▸ Exercise brief:
Output the data below exactly as it is, dropping the pictures from your copy.

▸ Scraped caption text data:
┌──

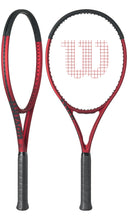 Load image into Gallery viewer, Wilson Clash 100 v2 (295g) - 2022 New ARRIVAL
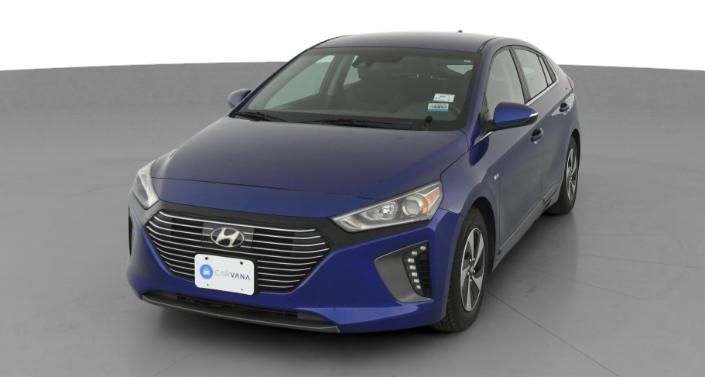 2019 Hyundai Ioniq SEL Hero Image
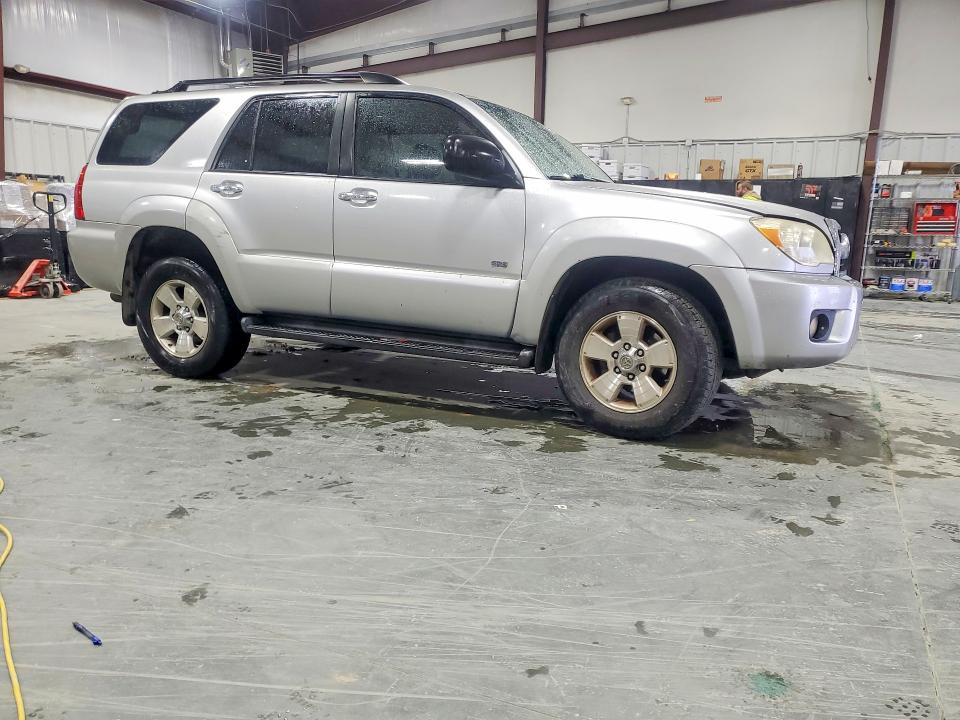 2006 Toyota 4runner მანქანა იყიდება აუქციონზე, vin: JTEZU14R668054001, აუქციონის ნომერი: 45947016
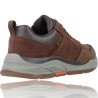 Zapatos Casual Waterproof para Hombres de Skechers 210021 Benago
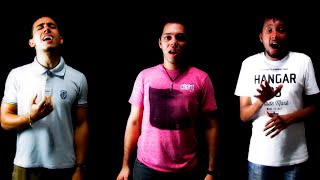 Vocal Trinity  MEDLEY LEONARDO GONÇALVES [upl. by Bartolomeo]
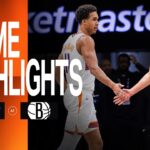Phoenix Suns notch full-team win over Brookylyn Nets | Phoenix Suns Game Highlights 1-19-26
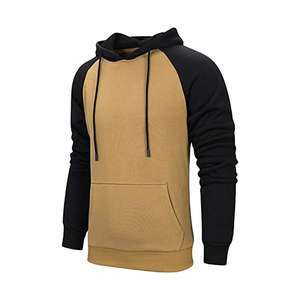 Vêtements pour hommes Pullover Tracksuits Jogging Suit Long Sleeve Cotton Fleece Heavyweight Tracksuits for Unisex - Product Image 2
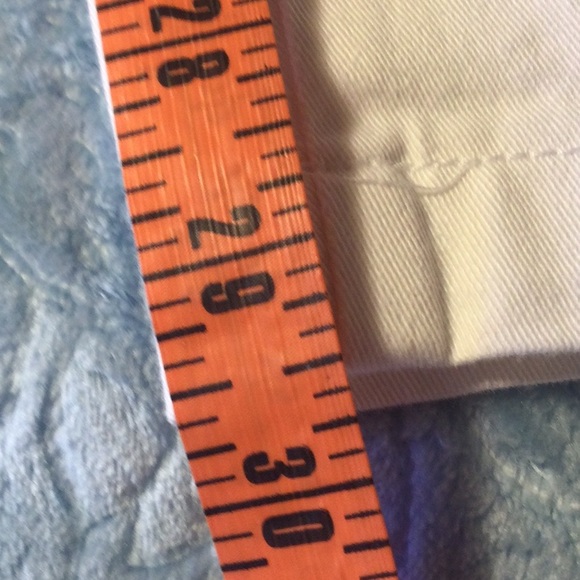 ⭐️ Lee at the waist, White Denim Jeans - Picture 15 of 16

└──

▸ Exercise result:
 Load image into Gallery viewer, Wilson Clash 100 v2 (295g) - 2022 New ARRIVAL
 2019 Hyundai Ioniq SEL Hero Image
 2006 Toyota 4runner მანქანა იყიდება აუქციონზე, vin: JTEZU14R668054001, აუქციონის ნომერი: 45947016
 Zapatos Casual Waterproof para Hombres de Skechers 210021 Benago
 Vocal Trinity  MEDLEY LEONARDO GONÇALVES [upl. by Bartolomeo]
Phoenix Suns notch full-team win over Brookylyn Nets | Phoenix Suns Game Highlights 1-19-26
 Vêtements pour hommes Pullover Tracksuits Jogging Suit Long Sleeve Cotton Fleece Heavyweight Tracksuits for Unisex - Product Image 2
 ⭐️ Lee at the waist, White Denim Jeans - Picture 15 of 16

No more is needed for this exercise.